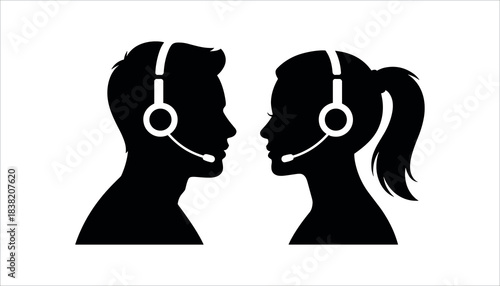 Black silhouette profile of a man and woman wearing headsets facing each other on white background vector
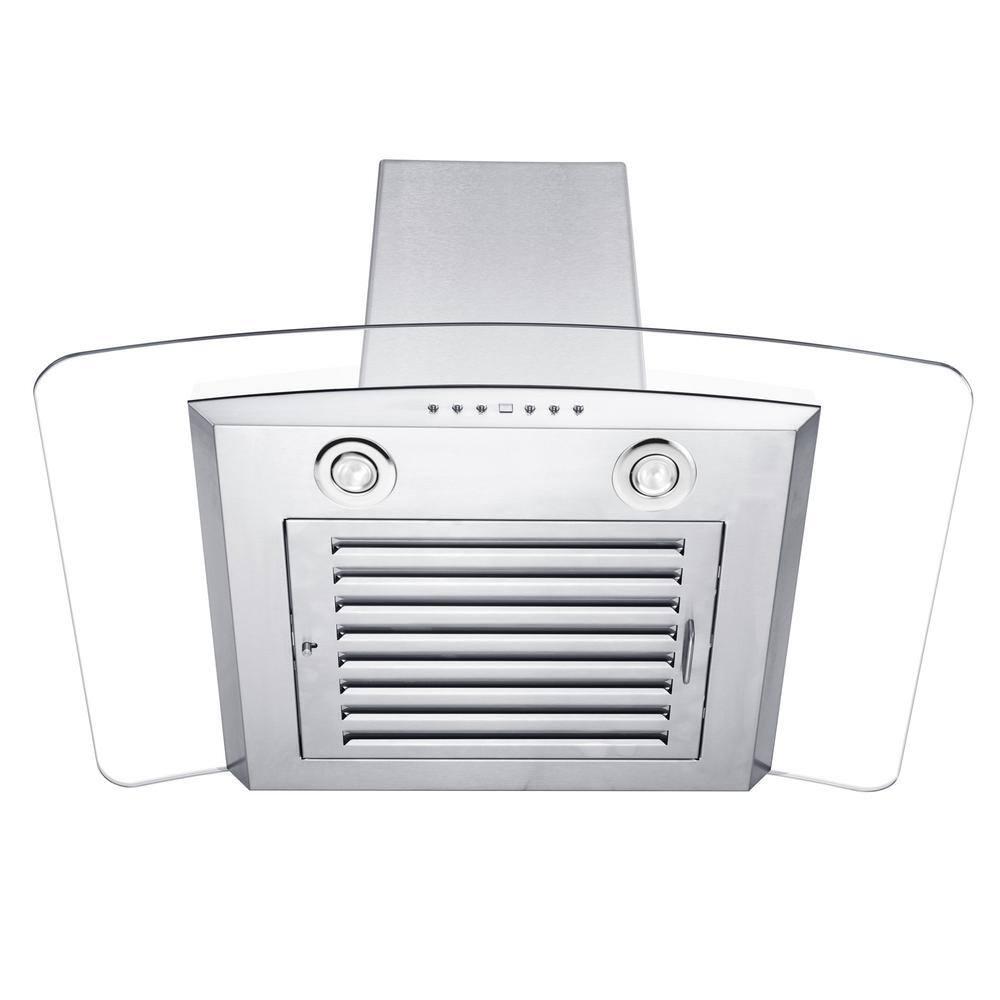ZLINE 36 in. Convertible Vent Wall Mount Range Hood in Stainless Steel & Glass (KZ-36)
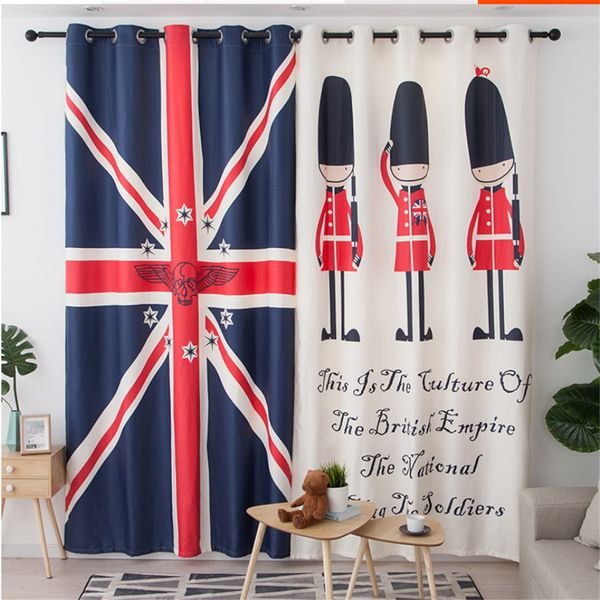 

customized curtains 3d modern minimalist printing british style blackout curtains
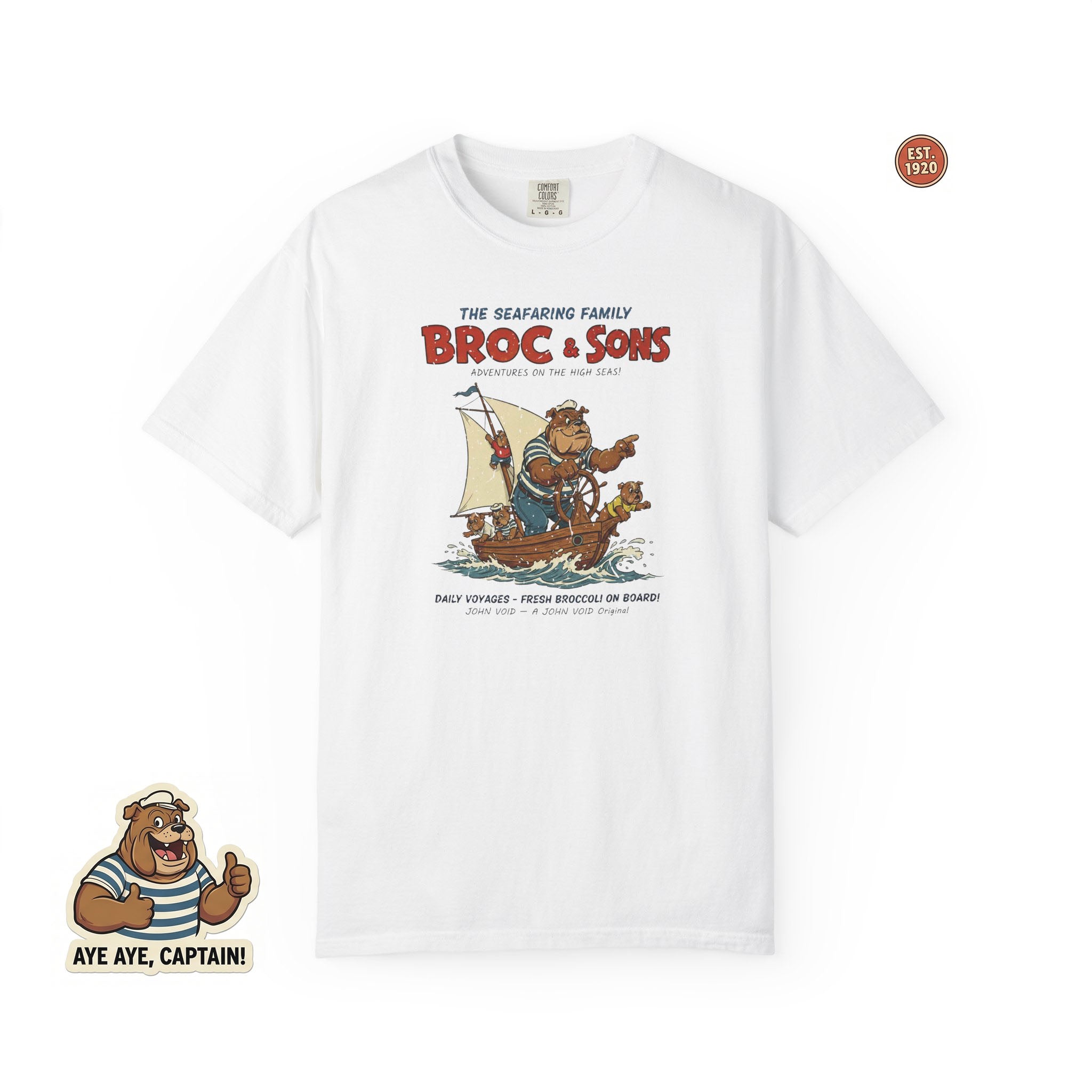 Broc & Sons Sailing Illustration T-Shirt, Retro Storybook Graphic Tee by John Void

_ _ _ _ _

(Action item): Output nothing but the lines from the line with "ZLINE 36 in." through the last line of the material above, please, word for word and without the pictures.

(Written answer):
ZLINE 36 in. Convertible Vent Wall Mount Range Hood in Stainless Steel & Glass (KZ-36)

customized curtains 3d modern minimalist printing british style blackout curtains
 Broc & Sons Sailing Illustration T-Shirt, Retro Storybook Graphic Tee by John Void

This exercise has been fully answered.